RE: Advice using Spark SQL and Thrift JDBC Server

Mohammed Guller Wed, 08 Apr 2015 12:41:56 -0700

Michael,
Thank you!

Looks like the sbt build is broken for 1.3. I downloaded the source code for 
1.3, but I get the following error a few minutes after I run “sbt/sbt 
publishLocal”


[error] (network-shuffle/*:update) sbt.ResolveException: unresolved dependency: 
org.apache.spark#spark-network-common_2.10;1.3.0: configuration not public in 
org.apache.spark#spark-network-common_2.10;1.3.0: 'test'. It was required from 
org.apache.spark#spark-network-shuffle_2.10;1.3.0 test
[error] Total time: 106 s, completed Apr 8, 2015 12:33:45 PM

Mohammed

From: Michael Armbrust [mailto:mich...@databricks.com]
Sent: Wednesday, April 8, 2015 11:54 AM
To: Mohammed Guller
Cc: Todd Nist; James Aley; user; Patrick Wendell
Subject: Re: Advice using Spark SQL and Thrift JDBC Server

Sorry guys.  I didn't realize that 
https://issues.apache.org/jira/browse/SPARK-4925 was not fixed yet.

You can publish locally in the mean time (sbt/sbt publishLocal).

On Wed, Apr 8, 2015 at 8:29 AM, Mohammed Guller 
<moham...@glassbeam.com<mailto:moham...@glassbeam.com>> wrote:
+1

Interestingly, I ran into the exactly the same issue yesterday.  I couldn’t 
find any documentation about which project to include as a dependency in 
build.sbt to use HiveThriftServer2. Would appreciate help.

Mohammed

From: Todd Nist [mailto:tsind...@gmail.com<mailto:tsind...@gmail.com>]
Sent: Wednesday, April 8, 2015 5:49 AM
To: James Aley
Cc: Michael Armbrust; user
Subject: Re: Advice using Spark SQL and Thrift JDBC Server

To use the HiveThriftServer2.startWithContext, I thought one would use the  
following artifact in the build:

"org.apache.spark"    %% "spark-hive-thriftserver"   % "1.3.0"

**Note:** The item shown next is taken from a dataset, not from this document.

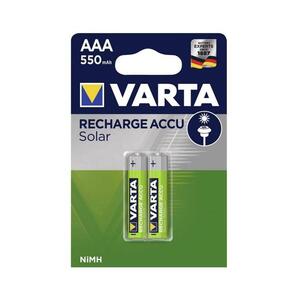 Varta 56733 - 2 db tölthető elem SOLAR ACCU AAA NiMH/550mAh/1, 2V 56733101402 kép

But I am unable to resolve the artifact.  I do not see it in maven central or 
any other repo.  Do I need to build Spark and publish locally or just missing 
something obvious here?

Basic class is like this:


import org.apache.spark.{SparkConf, SparkContext}



import  org.apache.spark.sql.hive.HiveContext

import org.apache.spark.sql.hive.HiveMetastoreTypes._

import org.apache.spark.sql.types._

import  org.apache.spark.sql.hive.thriftserver._



object MyThriftServer {



  val sparkConf = new SparkConf()

    // master is passed to spark-submit, but could also be specified explicitely

    // .setMaster(sparkMaster)

    .setAppName("My ThriftServer")

    .set("spark.cores.max", "2")

  val sc = new SparkContext(sparkConf)

  val  sparkContext  =  sc

  import  sparkContext._

  val  sqlContext  =  new  HiveContext(sparkContext)

  import  sqlContext._

  import sqlContext.implicits._



// register temp tables here   HiveThriftServer2.startWithContext(sqlContext)

}
Build has the following:

scalaVersion := "2.10.4"

val SPARK_VERSION = "1.3.0"


libraryDependencies ++= Seq(
    "org.apache.spark" %% "spark-streaming-kafka" % SPARK_VERSION
      exclude("org.apache.spark", "spark-core_2.10")
      exclude("org.apache.spark", "spark-streaming_2.10")
      exclude("org.apache.spark", "spark-sql_2.10")
      exclude("javax.jms", "jms"),
    "org.apache.spark" %% "spark-core"  % SPARK_VERSION %  "provided",
    "org.apache.spark" %% "spark-streaming" % SPARK_VERSION %  "provided",
    "org.apache.spark"  %% "spark-sql"  % SPARK_VERSION % "provided",
    "org.apache.spark"  %% "spark-hive" % SPARK_VERSION % "provided",
    "org.apache.spark" %% "spark-hive-thriftserver"  % SPARK_VERSION   % 
"provided",
    "org.apache.kafka" %% "kafka" % "0.8.1.1"
      exclude("javax.jms", "jms")
      exclude("com.sun.jdmk", "jmxtools")
      exclude("com.sun.jmx", "jmxri"),
    "joda-time" % "joda-time" % "2.7",
    "log4j" % "log4j" % "1.2.14"
      exclude("com.sun.jdmk", "jmxtools")
      exclude("com.sun.jmx", "jmxri")
  )

Appreciate the assistance.

-Todd

On Tue, Apr 7, 2015 at 4:09 PM, James Aley 
<james.a...@swiftkey.com<mailto:james.a...@swiftkey.com>> wrote:

Excellent, thanks for your help, I appreciate your advice!
On 7 Apr 2015 20:43, "Michael Armbrust" 
<mich...@databricks.com<mailto:mich...@databricks.com>> wrote:
That should totally work.  The other option would be to run a persistent 
metastore that multiple contexts can talk to and periodically run a job that 
creates missing tables.  The trade-off here would be more complexity, but less 
downtime due to the server restarting.

On Tue, Apr 7, 2015 at 12:34 PM, James Aley 
<james.a...@swiftkey.com<mailto:james.a...@swiftkey.com>> wrote:
Hi Michael,

Thanks so much for the reply - that really cleared a lot of things up for me!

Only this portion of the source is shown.